The idea can be applied to any finite set, its just basic property of parity. Alice could request a set of 16 items including the one she cares about from Party A, and the same 16 without the one she cares about from Party B. Obviously this suffers the same problem as you have above, if you both requests you know which item was being requested.
That would not give the same privacy benefits, if Alice gets 16 items from a database of a hundred thousand items, once from each of two servers, both of the servers know that there is a 50% chance that she wants one of the 16 items they sent her, and then they know that there is a 1/32 chance that she wants any one of the 16 items they sent her. After only a few requests an individual server could quickly determine which sort of items Alice is interested in. With this, they have absolutely no idea which of the items she wants, unless they get together and share her request strings with each other. She could want any one of the hundred thousand items in the database.
Also the way you say it can be done, would require each of the servers to send Alice 16 megabytes of data per request, if the database items are 1 mb each. The way I described in the OP they would each only need to send her 1mb item, so it scales a lot better and has much better privacy guarantees.
disclaimer: I did not invent this
-
This would get unrealistic pretty quick as the item count goes up. You aren't going to XOR a hundred thousand items per database request.
The idea can be applied to any finite set, its just basic property of parity. Alice could request a set of 16 items including the one she cares about from Party A, and the same 16 without the one she cares about from Party B. Obviously this suffers the same problem as you have above, if you both requests you know which item was being requested.

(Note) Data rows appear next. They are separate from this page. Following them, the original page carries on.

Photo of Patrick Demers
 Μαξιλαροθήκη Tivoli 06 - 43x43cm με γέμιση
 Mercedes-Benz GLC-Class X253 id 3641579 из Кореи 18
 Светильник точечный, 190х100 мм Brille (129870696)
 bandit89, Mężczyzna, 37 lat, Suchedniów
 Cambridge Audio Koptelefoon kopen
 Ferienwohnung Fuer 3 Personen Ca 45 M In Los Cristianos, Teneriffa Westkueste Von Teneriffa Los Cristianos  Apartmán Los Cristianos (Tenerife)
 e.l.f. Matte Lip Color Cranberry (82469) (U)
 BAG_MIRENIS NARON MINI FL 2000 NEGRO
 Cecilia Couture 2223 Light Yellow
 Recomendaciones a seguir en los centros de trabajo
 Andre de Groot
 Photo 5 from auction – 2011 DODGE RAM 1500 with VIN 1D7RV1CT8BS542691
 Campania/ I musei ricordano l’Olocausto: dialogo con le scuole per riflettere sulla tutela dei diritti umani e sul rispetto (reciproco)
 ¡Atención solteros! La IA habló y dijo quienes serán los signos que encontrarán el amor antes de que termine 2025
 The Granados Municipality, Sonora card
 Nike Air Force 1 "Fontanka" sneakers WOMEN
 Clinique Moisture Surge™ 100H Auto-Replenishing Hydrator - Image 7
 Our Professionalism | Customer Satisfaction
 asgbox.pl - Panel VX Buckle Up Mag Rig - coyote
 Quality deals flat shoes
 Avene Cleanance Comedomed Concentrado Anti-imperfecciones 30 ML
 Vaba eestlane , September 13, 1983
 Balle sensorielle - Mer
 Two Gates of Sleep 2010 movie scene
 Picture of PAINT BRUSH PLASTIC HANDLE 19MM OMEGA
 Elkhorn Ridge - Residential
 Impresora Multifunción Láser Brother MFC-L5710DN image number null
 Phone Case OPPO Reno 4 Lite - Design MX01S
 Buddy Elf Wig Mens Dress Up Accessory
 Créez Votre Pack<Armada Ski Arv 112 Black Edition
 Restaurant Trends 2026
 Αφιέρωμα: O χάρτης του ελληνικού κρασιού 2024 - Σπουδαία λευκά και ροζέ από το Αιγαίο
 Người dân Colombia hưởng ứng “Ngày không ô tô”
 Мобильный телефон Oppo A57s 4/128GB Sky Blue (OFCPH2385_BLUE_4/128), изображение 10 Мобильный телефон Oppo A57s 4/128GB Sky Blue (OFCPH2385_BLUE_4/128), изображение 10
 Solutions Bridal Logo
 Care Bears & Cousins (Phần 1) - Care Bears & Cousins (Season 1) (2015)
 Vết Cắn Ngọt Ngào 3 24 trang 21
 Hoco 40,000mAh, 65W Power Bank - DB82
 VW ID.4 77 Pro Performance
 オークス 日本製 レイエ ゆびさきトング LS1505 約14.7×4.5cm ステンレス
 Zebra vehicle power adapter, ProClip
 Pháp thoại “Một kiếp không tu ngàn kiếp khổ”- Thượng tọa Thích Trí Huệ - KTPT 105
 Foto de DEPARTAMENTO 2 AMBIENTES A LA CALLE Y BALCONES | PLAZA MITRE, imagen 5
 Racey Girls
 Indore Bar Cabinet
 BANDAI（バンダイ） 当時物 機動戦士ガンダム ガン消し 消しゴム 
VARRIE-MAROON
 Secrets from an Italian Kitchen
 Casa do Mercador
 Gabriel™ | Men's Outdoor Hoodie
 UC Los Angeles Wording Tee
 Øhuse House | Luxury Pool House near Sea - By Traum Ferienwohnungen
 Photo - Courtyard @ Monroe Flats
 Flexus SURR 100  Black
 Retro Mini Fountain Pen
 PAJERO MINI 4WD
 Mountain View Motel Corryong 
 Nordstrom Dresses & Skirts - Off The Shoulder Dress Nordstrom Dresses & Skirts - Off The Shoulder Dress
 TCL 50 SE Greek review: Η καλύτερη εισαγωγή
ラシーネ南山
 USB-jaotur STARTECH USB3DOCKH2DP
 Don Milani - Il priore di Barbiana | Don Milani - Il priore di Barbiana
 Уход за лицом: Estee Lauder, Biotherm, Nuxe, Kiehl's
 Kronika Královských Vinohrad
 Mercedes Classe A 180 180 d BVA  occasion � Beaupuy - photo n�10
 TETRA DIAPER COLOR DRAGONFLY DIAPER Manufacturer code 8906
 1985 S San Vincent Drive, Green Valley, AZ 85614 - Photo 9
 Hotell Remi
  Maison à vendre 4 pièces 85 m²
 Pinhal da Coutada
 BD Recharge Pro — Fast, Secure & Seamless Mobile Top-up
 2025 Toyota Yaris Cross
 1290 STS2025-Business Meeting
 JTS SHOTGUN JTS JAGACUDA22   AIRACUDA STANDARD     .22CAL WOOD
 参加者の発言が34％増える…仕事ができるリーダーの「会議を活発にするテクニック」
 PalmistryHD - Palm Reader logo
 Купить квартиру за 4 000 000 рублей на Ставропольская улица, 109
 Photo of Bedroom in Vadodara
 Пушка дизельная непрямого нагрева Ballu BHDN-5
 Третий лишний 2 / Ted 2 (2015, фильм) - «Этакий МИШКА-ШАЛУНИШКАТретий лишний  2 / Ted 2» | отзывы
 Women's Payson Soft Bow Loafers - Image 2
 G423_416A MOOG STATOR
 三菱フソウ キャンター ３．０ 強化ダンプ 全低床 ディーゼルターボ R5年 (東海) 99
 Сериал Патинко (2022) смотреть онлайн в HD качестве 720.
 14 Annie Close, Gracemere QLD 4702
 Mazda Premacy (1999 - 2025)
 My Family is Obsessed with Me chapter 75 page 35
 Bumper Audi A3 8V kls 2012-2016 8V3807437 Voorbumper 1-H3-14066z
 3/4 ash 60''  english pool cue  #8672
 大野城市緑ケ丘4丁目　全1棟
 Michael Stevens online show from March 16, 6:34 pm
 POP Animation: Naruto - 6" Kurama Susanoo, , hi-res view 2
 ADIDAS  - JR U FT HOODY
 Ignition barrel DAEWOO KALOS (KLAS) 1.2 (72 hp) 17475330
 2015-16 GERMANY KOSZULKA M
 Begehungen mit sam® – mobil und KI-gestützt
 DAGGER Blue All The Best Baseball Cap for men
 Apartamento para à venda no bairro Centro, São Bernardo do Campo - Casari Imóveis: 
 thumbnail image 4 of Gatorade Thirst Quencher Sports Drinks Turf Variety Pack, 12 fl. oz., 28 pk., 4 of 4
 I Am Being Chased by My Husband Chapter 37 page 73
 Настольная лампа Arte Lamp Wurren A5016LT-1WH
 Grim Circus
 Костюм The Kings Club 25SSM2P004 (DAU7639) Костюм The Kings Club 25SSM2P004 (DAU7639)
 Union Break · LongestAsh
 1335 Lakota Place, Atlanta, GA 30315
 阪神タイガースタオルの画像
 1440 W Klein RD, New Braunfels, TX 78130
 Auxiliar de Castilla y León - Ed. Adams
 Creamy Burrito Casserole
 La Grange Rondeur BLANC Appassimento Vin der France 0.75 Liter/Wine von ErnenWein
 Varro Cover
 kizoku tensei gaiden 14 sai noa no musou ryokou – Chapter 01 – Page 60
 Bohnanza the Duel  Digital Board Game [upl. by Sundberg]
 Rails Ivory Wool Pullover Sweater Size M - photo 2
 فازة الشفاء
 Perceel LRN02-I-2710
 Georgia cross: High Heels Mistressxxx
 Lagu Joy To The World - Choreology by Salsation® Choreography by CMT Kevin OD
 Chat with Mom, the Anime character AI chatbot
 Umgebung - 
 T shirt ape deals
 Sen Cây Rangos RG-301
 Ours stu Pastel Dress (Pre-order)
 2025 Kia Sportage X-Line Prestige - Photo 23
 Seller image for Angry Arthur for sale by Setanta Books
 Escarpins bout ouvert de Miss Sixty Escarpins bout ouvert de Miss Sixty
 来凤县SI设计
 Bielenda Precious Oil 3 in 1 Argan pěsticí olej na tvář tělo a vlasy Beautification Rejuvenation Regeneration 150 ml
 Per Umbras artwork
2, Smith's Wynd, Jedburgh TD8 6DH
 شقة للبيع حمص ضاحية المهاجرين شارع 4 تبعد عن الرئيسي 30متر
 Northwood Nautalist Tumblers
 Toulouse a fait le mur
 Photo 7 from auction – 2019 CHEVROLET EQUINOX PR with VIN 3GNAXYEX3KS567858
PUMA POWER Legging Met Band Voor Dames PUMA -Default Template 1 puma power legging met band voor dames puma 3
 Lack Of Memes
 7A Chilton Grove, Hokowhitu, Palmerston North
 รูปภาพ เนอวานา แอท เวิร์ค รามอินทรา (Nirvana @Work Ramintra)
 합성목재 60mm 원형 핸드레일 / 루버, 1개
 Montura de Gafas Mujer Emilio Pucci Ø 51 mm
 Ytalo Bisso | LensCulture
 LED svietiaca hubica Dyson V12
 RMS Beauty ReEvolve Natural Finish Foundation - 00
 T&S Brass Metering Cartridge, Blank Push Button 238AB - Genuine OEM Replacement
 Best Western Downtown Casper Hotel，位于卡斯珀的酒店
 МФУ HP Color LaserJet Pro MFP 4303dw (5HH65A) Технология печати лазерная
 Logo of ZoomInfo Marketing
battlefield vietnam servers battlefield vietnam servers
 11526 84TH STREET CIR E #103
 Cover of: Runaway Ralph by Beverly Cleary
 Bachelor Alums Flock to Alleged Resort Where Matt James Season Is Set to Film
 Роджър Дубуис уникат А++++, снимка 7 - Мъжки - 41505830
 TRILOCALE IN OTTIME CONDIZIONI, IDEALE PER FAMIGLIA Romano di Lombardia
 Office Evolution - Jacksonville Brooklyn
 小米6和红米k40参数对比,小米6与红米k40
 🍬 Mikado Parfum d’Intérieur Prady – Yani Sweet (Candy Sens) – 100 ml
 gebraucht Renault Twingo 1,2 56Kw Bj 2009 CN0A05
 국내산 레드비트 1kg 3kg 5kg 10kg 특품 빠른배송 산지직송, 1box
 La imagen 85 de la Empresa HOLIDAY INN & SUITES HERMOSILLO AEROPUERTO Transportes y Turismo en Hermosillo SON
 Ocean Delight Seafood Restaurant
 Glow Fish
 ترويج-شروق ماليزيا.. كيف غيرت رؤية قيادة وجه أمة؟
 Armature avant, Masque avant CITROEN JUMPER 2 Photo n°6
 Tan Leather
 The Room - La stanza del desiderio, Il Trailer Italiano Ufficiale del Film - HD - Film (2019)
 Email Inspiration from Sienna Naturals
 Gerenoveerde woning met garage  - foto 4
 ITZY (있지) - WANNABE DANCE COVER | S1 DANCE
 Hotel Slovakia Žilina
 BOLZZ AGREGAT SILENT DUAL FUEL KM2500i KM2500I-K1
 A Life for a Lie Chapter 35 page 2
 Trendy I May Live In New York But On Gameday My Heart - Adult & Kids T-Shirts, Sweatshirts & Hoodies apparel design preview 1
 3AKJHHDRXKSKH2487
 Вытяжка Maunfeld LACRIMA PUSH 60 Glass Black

That would not give the same privacy benefits, if Alice gets 16 items from a database of a hundred thousand items, once from each of two servers, both of the servers know that there is a 50% chance that she wants one of the 16 items they sent her, and then they know that there is a 1/32 chance that she wants any one of the 16 items items they sent her. With this, they have absolutely no idea which of the items she wants, unless they get together and share her request strings with each other. She could want any one of the hundred thousand items in the database.
Also the way you say it can be done, would require each of the servers to send Alice 16 megabytes of data per request, if the database items are 1 mb each. The way I described in the OP they would each only need to send her 1mb item, so it scales a lot better and has much better privacy guarantees.
disclaimer: I did not invent this
I was just suggesting instead of using a bit-string of the number of items in the database, you just use an explicit finite set of items. You'd still XOR the sets together so it'd still be the size of the largest item, and 16 is just some arbitrary number if you want to obscure it more use more. Also something to consider, is if multiple operations are ever done regarding this item if the requested bit-string or set was truly random intersection attacks would start making the list smaller, and at some-point reveal the item of interest. You'd want to use the same set of sampled items over multiple requests, or at least ensure a certain percentage over overlap.
As far as XOR'ing nearly 100 gig of data per request being unrealistic, well...
-
yes at 100GB it would be unrealistic, but if every entry is only 100kb it would be only 10 gigabytes, and as the bits set to one are random each server would only need to XOR 5 gigabytes of data per request with a database of 100,000 items. If entries are limited to 10kb, each server would need to XOR about 500 megabytes per request with a database of 100,000 items.